Isabel I de Inglaterra ha muerto. Las cancillerías y la prensa mundial emiten y repiten ditirambos intentando crear un clima de luto colectivo que, al fundirse con la propaganda de guerra, acaba contagiando a los coloniales vocacionales más desubicados de ultramar. «Entendía el trono casi como un sacerdocio» destacan varios periódicos. Las televisiones ensalzan la figura en términos propios de una deidad protectora a la que toda Gran Bretaña, el mundo quizás, debiera décadas de benevolencia. El ambiente atávico se completa con una súbita abundancia de fetiches conmemorativos. Se prepara el gran momento: las ceremonias funerarias, summum de la pompa monárquica y del papel ritual de la figura real.

Pero, ¿cuál es esa divinidad innominada a la que la fallecida reina habría dedicado una vida de sacerdocio? ¿Son todas estas pompas un resto histórico conservado y ampliado desde tiempo inmemorial?

La invención de una tradición

Jubileo de diamante de la reina Victoria de Inglaterra

Jubileo de diamante de la reina Victoria de Inglaterra, primera expresión de una «tradición» que estaba inventándose bajo presión expresa de Gladstone.
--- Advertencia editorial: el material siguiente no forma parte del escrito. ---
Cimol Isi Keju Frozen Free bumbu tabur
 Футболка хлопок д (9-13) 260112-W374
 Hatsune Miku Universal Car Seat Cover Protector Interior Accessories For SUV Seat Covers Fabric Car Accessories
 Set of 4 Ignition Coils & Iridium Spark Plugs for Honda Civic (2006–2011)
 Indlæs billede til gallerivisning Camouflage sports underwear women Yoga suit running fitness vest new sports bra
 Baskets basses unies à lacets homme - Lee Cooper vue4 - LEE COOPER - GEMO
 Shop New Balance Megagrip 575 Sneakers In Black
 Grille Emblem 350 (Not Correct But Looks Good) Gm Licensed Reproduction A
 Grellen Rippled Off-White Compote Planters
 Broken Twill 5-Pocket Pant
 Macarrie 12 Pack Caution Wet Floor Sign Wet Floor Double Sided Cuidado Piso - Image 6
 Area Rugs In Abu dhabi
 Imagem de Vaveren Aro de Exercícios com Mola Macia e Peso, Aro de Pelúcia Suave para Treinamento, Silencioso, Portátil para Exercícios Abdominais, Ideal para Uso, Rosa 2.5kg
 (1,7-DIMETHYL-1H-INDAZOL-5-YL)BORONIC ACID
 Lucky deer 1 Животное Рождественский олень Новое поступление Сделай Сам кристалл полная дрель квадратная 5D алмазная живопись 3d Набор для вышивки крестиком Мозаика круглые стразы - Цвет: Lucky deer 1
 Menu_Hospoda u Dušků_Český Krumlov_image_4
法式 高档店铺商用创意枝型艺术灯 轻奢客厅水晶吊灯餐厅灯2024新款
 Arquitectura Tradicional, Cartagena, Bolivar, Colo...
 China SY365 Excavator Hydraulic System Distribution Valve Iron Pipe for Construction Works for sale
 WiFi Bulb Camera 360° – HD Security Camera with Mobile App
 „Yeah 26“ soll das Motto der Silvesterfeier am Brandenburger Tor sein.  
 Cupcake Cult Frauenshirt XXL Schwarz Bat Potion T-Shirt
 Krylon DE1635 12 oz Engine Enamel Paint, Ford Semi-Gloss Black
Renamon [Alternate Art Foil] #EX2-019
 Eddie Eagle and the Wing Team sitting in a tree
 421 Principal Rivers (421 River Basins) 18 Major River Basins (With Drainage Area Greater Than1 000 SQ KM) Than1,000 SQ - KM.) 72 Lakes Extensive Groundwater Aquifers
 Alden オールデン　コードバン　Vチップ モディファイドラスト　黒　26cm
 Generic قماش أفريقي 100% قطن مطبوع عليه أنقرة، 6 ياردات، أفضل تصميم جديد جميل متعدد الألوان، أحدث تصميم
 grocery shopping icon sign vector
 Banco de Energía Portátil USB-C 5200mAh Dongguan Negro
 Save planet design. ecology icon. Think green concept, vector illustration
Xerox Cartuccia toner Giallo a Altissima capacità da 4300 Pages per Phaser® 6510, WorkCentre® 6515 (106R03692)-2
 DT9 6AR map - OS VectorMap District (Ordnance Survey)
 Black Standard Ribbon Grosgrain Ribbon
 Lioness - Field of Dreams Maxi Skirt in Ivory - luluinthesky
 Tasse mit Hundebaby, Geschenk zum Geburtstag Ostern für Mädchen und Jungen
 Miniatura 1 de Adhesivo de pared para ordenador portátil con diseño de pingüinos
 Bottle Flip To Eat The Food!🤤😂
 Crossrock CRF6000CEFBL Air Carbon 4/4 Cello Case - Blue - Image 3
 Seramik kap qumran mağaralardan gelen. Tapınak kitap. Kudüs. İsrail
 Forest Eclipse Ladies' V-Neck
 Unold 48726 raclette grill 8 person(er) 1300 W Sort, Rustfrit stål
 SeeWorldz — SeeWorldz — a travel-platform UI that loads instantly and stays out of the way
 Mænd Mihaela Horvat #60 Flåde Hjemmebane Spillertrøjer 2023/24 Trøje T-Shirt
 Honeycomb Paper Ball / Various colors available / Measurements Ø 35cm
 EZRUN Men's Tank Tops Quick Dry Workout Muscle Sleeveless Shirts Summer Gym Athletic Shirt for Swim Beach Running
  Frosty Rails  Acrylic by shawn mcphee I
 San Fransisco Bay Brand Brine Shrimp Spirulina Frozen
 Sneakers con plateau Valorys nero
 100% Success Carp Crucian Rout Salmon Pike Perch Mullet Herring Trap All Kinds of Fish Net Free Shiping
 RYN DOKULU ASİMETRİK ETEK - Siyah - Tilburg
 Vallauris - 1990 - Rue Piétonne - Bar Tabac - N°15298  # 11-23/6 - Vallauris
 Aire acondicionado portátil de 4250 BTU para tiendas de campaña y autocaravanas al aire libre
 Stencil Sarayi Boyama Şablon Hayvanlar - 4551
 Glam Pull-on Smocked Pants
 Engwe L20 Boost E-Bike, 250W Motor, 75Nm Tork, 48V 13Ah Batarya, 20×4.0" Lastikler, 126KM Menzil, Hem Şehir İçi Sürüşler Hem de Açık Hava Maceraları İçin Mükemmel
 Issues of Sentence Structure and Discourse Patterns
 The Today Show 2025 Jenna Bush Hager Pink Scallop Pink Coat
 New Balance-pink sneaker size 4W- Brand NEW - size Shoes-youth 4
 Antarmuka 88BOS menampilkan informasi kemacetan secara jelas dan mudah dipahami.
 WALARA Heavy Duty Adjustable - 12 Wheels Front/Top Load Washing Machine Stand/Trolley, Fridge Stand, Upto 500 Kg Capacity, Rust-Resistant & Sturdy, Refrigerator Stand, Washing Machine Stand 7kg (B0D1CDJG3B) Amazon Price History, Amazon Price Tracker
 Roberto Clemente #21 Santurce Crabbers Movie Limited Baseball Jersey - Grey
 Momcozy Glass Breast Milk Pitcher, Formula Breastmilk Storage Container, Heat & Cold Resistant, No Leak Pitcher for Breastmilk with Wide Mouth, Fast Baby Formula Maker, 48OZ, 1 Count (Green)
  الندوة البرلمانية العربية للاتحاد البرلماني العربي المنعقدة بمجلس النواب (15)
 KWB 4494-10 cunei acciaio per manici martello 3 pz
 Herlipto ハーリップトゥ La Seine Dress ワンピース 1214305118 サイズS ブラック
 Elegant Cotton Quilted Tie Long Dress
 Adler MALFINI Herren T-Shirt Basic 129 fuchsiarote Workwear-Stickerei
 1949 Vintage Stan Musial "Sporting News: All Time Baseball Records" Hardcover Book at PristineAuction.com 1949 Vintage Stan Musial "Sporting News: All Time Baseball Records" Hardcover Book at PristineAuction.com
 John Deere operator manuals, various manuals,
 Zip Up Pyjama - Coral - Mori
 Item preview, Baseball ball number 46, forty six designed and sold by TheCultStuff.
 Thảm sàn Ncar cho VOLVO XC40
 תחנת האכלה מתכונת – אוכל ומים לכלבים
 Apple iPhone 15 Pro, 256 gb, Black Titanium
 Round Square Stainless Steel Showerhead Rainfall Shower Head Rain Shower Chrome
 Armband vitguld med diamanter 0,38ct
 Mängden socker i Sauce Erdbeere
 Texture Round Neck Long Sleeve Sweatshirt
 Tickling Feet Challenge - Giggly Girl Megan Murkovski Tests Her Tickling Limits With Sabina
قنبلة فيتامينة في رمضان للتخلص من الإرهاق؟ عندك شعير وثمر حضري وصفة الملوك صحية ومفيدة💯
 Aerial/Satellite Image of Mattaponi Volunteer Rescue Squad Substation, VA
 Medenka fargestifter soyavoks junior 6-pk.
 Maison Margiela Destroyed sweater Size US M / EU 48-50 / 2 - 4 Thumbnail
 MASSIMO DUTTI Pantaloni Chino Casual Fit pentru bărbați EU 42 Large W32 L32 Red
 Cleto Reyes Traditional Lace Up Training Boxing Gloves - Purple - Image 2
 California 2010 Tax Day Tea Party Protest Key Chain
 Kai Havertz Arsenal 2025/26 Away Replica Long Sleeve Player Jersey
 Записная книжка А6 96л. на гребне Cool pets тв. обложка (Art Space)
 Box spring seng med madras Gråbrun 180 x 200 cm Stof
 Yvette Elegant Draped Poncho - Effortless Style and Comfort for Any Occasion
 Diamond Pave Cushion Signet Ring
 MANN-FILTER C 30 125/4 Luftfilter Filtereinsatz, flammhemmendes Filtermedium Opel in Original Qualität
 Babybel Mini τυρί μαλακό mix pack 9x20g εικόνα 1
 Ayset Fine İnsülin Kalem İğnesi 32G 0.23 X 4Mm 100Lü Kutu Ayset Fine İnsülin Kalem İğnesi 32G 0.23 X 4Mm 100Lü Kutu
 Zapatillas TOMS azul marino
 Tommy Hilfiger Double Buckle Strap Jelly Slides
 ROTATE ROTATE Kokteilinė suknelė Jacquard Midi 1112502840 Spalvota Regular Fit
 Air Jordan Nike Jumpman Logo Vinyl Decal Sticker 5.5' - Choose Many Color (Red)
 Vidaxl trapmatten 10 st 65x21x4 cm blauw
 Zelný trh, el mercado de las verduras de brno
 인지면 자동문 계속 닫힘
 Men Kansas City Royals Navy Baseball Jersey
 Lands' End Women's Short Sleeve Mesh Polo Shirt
La monarquía de la decadencia feudal llevó la ritualización y la ceremoniosidad hasta el extremo... en los espacios cerrados de las cortes reales. Pero esas ceremonias eran en realidad de consumo interno, sólo accedían a ella los nobles cortesanos, porque a fin de cuentas remarcaban equilibrios, dependencias, lealtades y favores dentro de la propia clase dirigente.

Los rituales públicos, las ceremonias masivas de magia dinástica, como las de toda clase dominante, eran mucho más mundanas.

Durante el absolutismo, una parte nada despreciable del apoyo social a la monarquía -y tenia mucho mas del que podría esperarse a primera vista- era debido a creencias sobre los supuestos poderes mágicos de sanación de los reyes. A través de mitos religiosos sobre la santidad de sus dinastías (con los monarcas franceses supuestamente emparentados con santos sanadores) y sobre el efecto sobre la «salud» del reino del propio cuerpo del rey.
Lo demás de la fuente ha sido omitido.